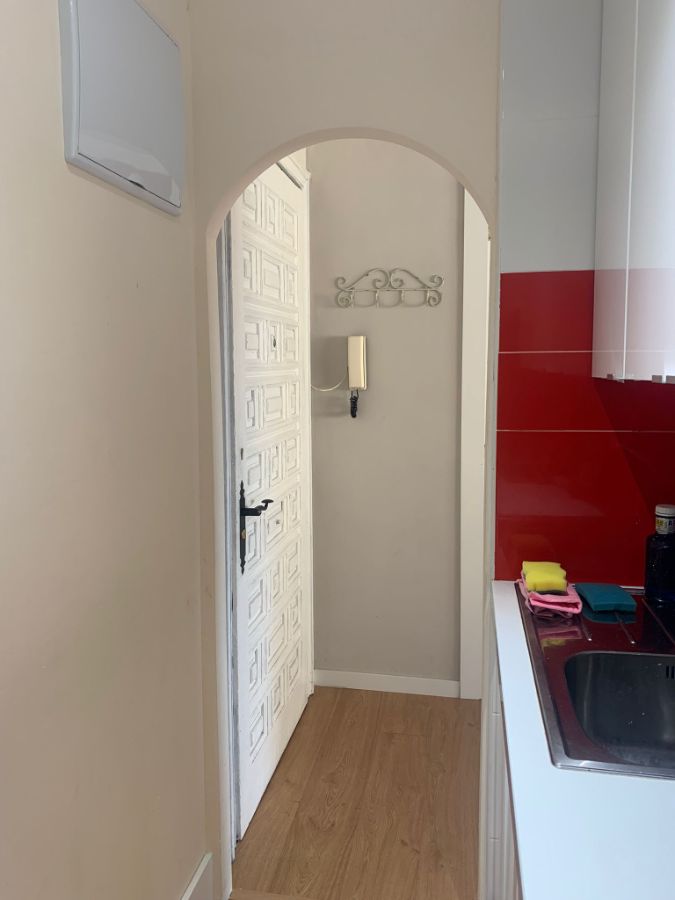 For rent of apartment in San Lorenzo de El Escorial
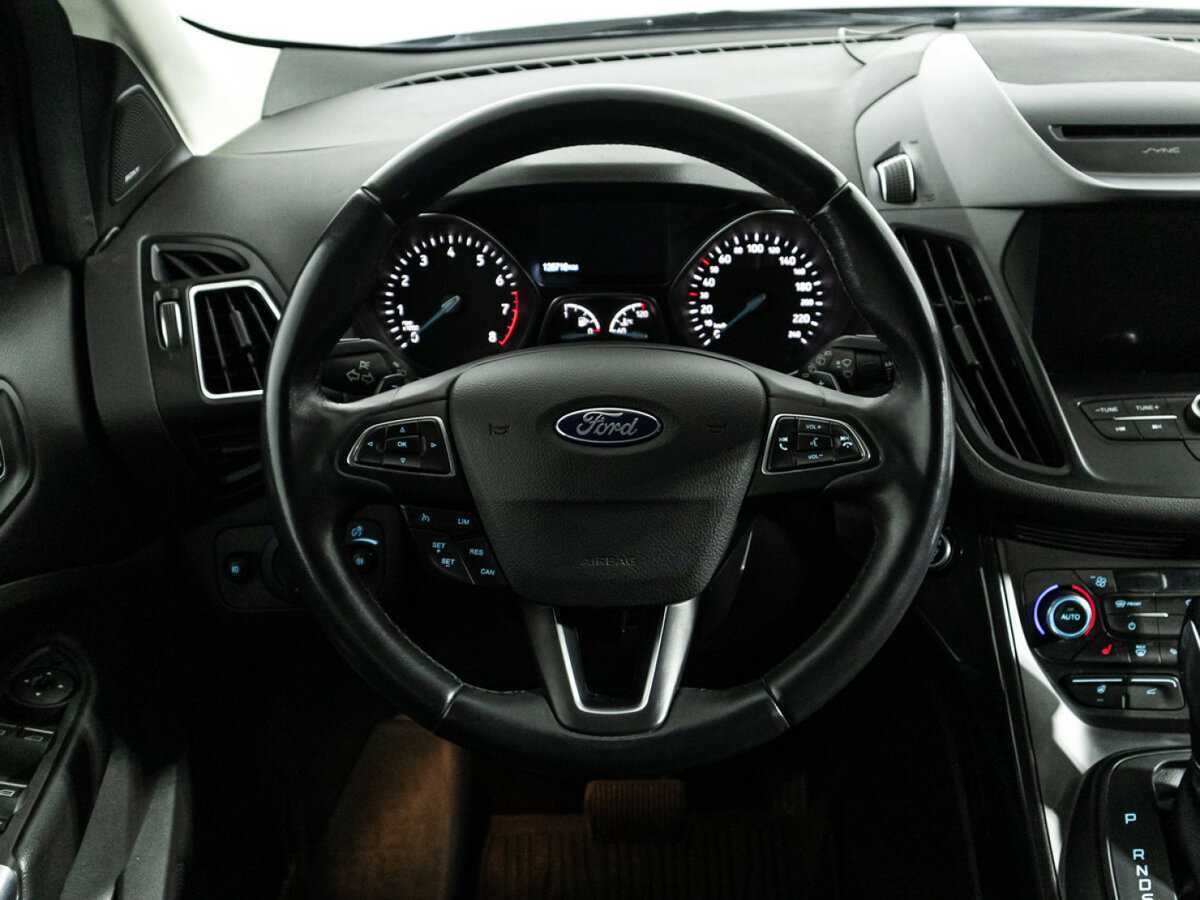 Купить Ford Kuga с пробегом. Фото: #20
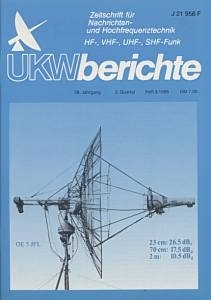 UKW-Berichte 3/1988
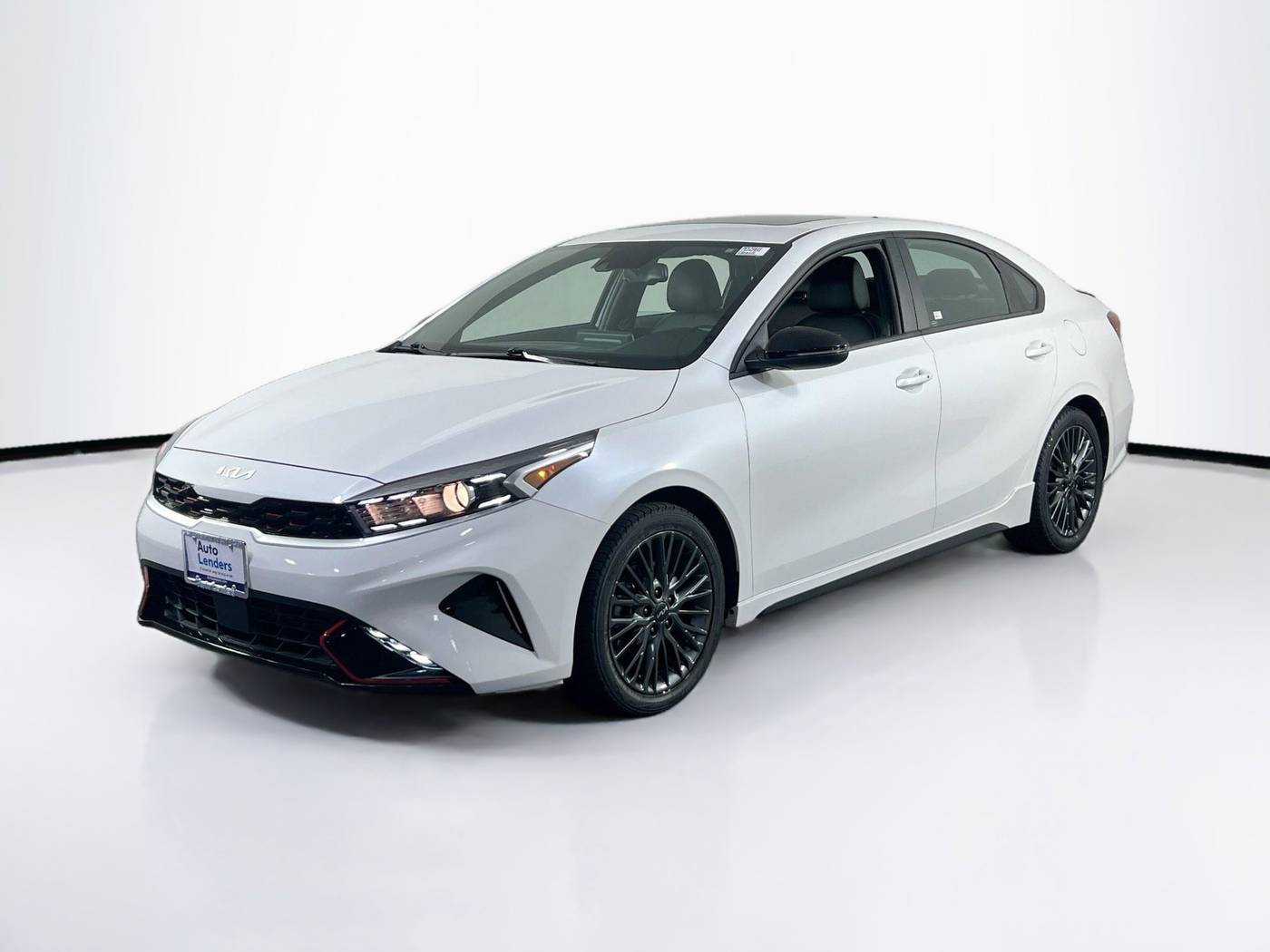 2023 Kia Forte GT-Line — Sedan — 26,612 mi — Egg Harbor Twp, NJ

### Task details
Give the data again exactly as written, with no pictures included.

### Expected answer
 For rent of apartment in San Lorenzo de El Escorial
 Купить Ford Kuga с пробегом. Фото: #20
 UKW-Berichte 3/1988
 2023 Kia Forte GT-Line — Sedan — 26,612 mi — Egg Harbor Twp, NJ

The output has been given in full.